The thought pleased the good shoemaker very much; and one evening, when all the things were ready, they laid them on the table instead of the work that they used to cut out, and then went and hid themselves to watch what the little elves would do. About midnight they came in and were going to sit down to their work as usual; but when they saw the clothes lying for them, they laughed and were greatly delighted. Then they dressed themselves in the twinkling of an eye, and danced and capered and sprang about as merry as could be, till at last they danced out at the door and over the green; and the shoemaker saw them no more; but everything went well with him from that time forward, as long as he lived.
[176]
In a note regarding "The Fisherman and His Wife," Taylor calls attention to the interesting fact that this tale became a great favorite after the battle of Waterloo "during the fervor of popular feeling on the downfall of the late Emperor of France." The catastrophe attendant upon Napoleon's ambitious efforts seemed to the popular mind to be paralleled by the penalty following the final wish of the wife "to be like unto God." But observe that Taylor, unlike more recent translators, felt under the necessity of softening "the boldness of the lady's ambition." The versions of the verse charm used in summoning the fish differ strikingly in the various translations. That of Taylor's first edition, used here, seems to fit the story better than any other, though tellers of the story may, properly enough, not agree. Taylor's revised version of 1837 reads:
"O man of the sea!
Hearken to me!
My wife Ilsabill
Will have her own will,
And hath sent me to beg a boon of thee!"
Mrs. Hunt's version runs:
"Flounder, flounder in the sea,
Come, I pray thee, come to me;
For my wife, good Ilsabil,
Wills not as I'd have her will."
The moral of the story is plain for those who need it: Greed overreaches itself. Who grasps too much loses all. Don't ride a free horse to death.

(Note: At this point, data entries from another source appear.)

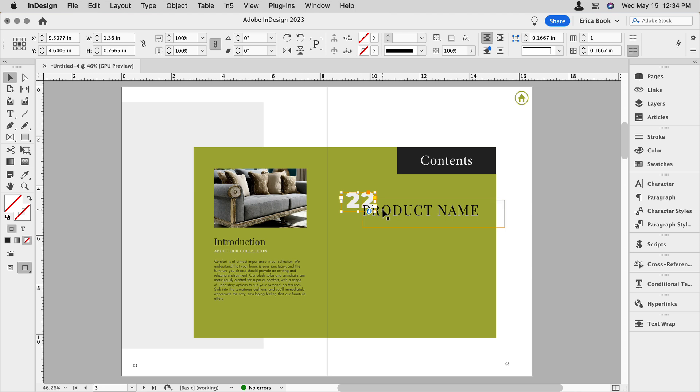But keep in mind that whatever is anchored in is automatically in front. So if I anchored the page numbers to the product name, the page numbers would be sitting in front. So that's just something to keep in mind for your particular workflow. I'm going to go ahead and group these instead of doing the anchoring.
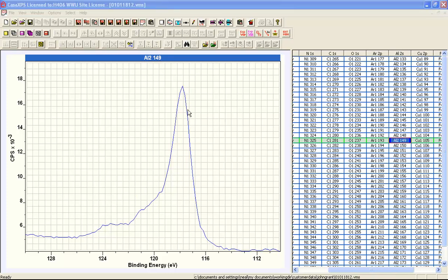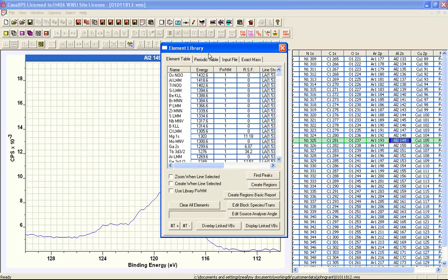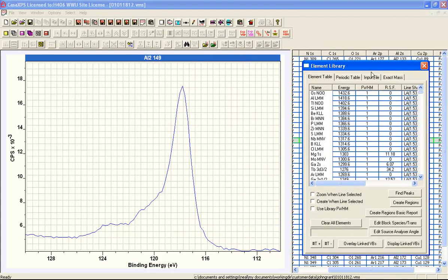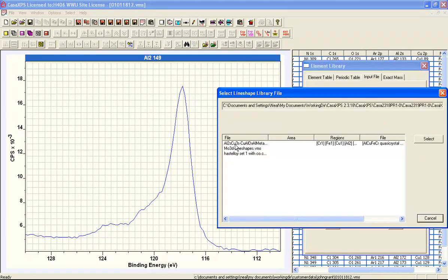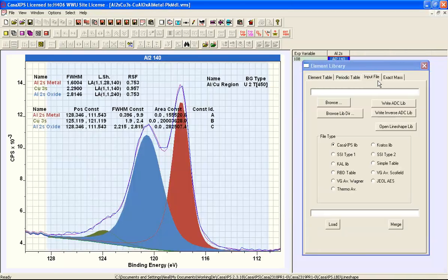What is required is a peak model for these data. In a previous video I looked at how to produce such a peak model, and I've saved part of that work as a separate file in a directory that I can recover using the input file property page on the element library dialog. Here you see one of the peak models used in that previous video.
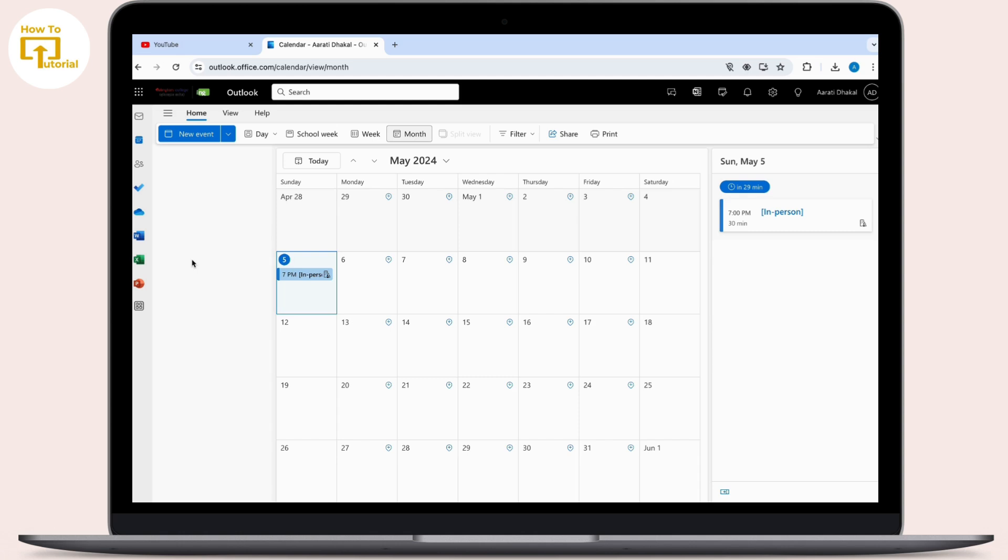Now all you have to do is click on the calendar that you want to delete to select it. Here I only have one booking option available. After you tap on the calendar you want to delete, you will see a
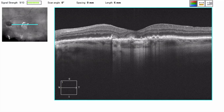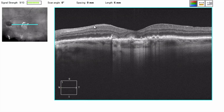This is an OCT from a 70-year-old gentleman. We know this is a left eye because of the nerve fiber layer always being on the nasal side of the retina.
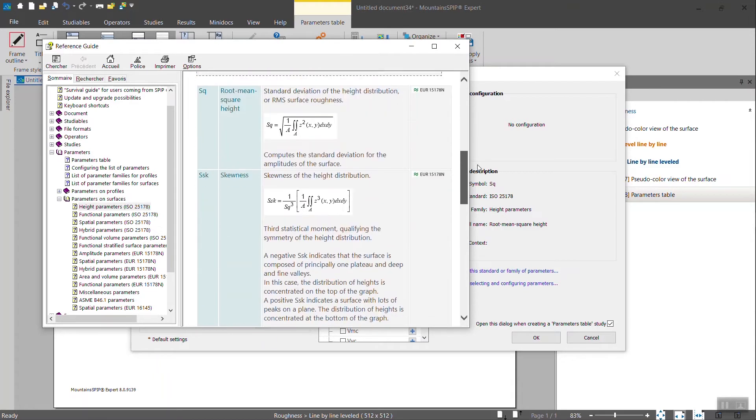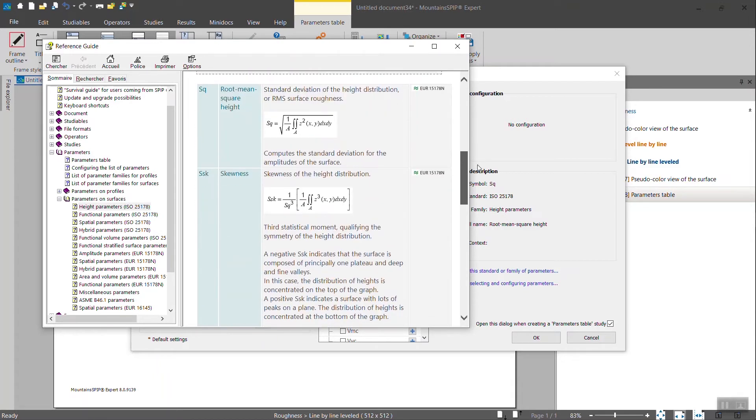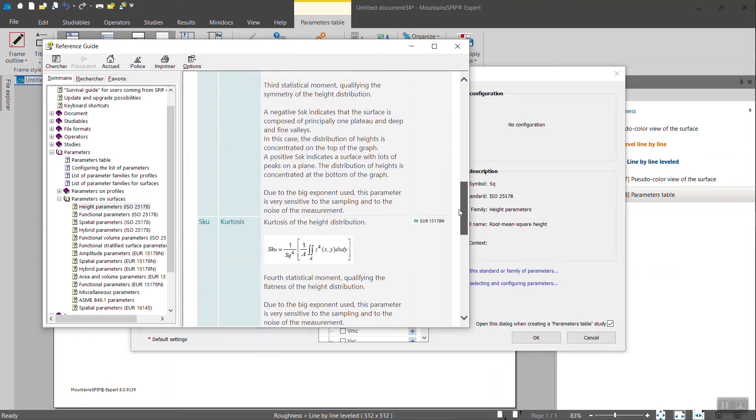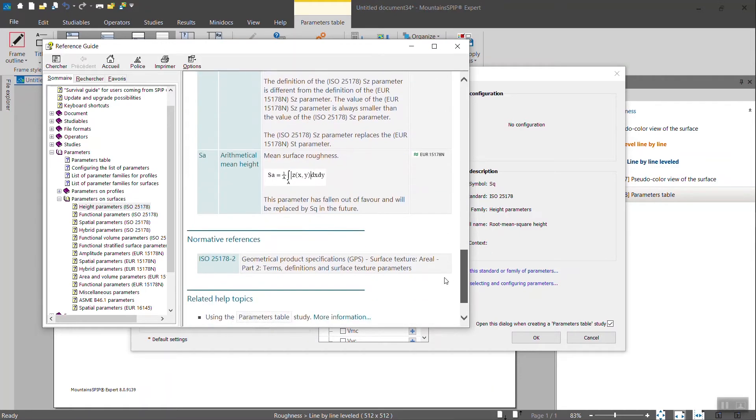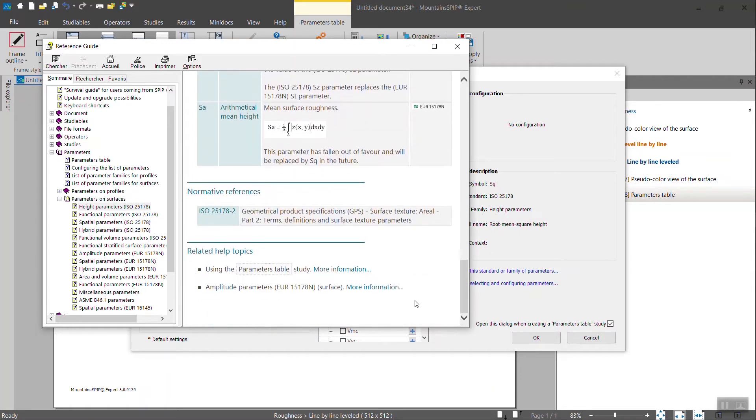Information, definition, calculation, reference to previous standards. And the same for all of the parameters that we provide in Mountains technology.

THE FISHERMAN AND HIS WIFE
There was once a fisherman who lived with his wife in a ditch, close by the sea-side. The fisherman used to go out all day long a-fishing; and one day, as he sat on the shore with his rod, looking at the shining water and watching his line, all on a sudden his float was dragged away deep under the sea: and in drawing it up he pulled a great fish out of the water. The fish said to him, "Pray let me live: I am not a real fish; I am an enchanted prince. Put me in the water again, and let me go."
"Oh!" said the man, "you need not make so many words about the matter. I wish to have nothing to do with a fish that can talk; so swim away as soon as you please." Then he put him back into the water, and the fish darted straight down to the bottom and left a long streak of blood behind him.